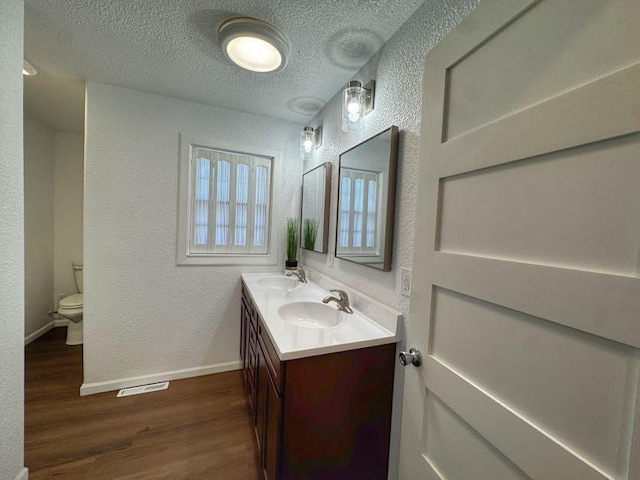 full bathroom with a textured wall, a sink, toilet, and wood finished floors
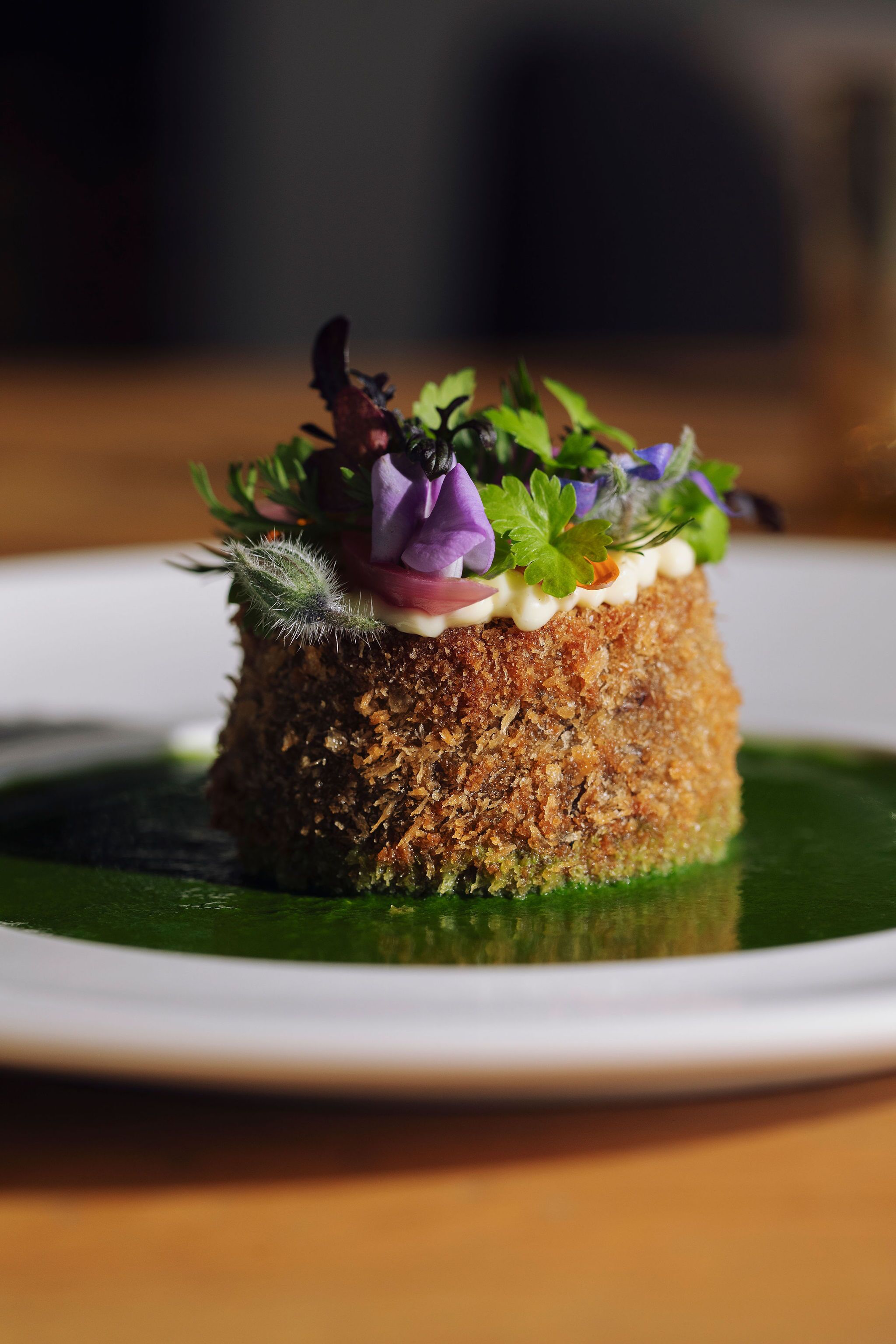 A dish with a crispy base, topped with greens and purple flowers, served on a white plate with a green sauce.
...
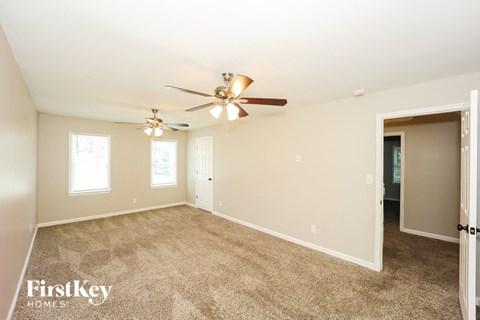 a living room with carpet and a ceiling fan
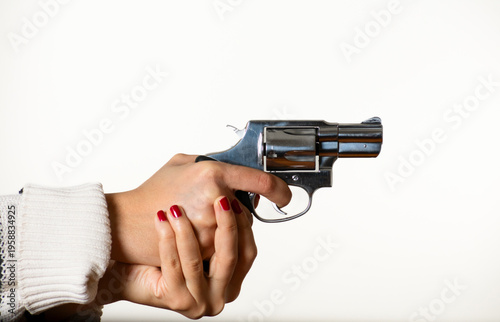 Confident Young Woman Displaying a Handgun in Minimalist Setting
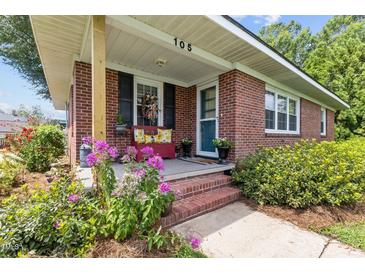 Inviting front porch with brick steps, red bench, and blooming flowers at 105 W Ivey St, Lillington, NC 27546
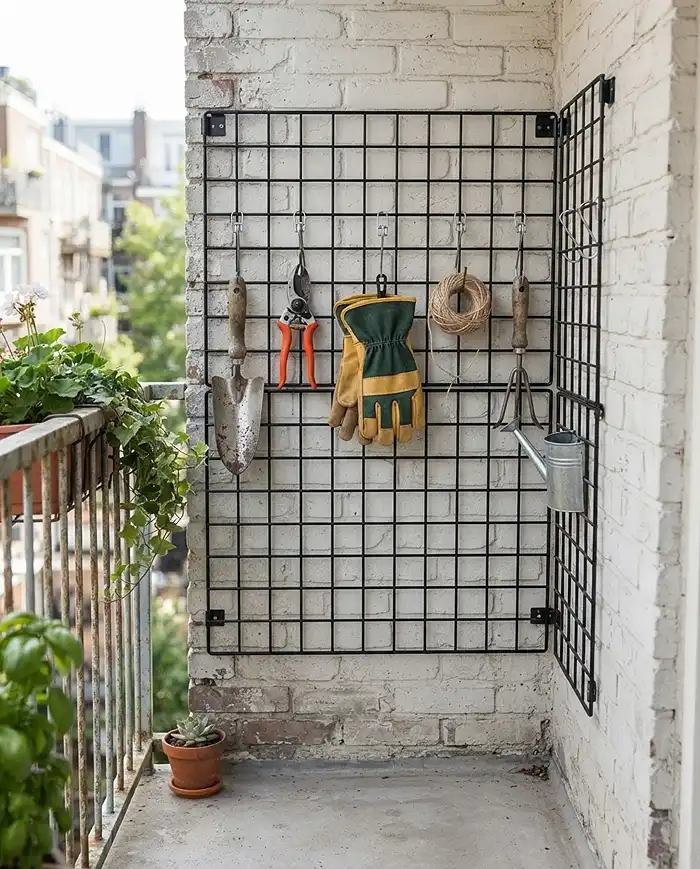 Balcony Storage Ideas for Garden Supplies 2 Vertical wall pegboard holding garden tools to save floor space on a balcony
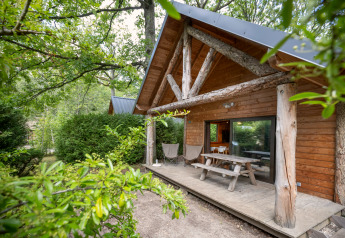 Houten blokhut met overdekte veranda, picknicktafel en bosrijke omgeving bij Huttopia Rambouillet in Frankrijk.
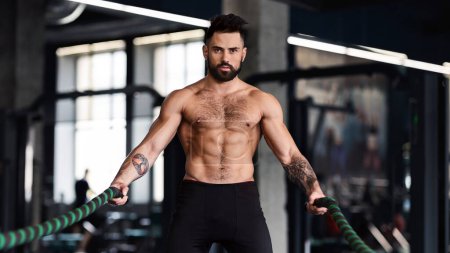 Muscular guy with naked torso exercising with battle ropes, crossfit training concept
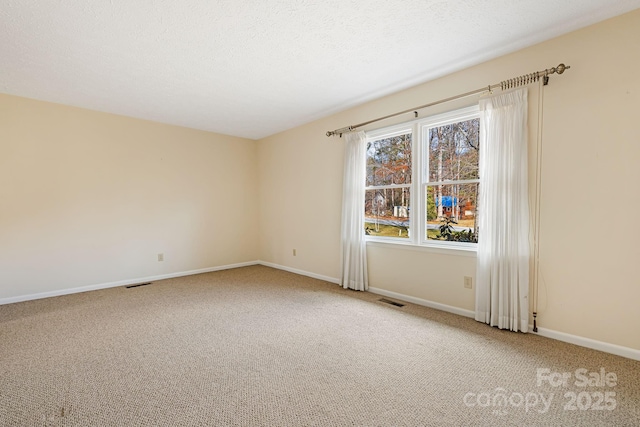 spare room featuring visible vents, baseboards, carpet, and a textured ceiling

> Problem description: Find where the line with "full bathroom with" sits in the material above and where the line with "A dish with" sits. Set down exactly the lines from the first to the second, both included and nothing else, without pictures.

> Answer to the problem:
 full bathroom with a textured wall, a sink, toilet, and wood finished floors
 A dish with a crispy base, topped with greens and purple flowers, served on a white plate with a green sauce.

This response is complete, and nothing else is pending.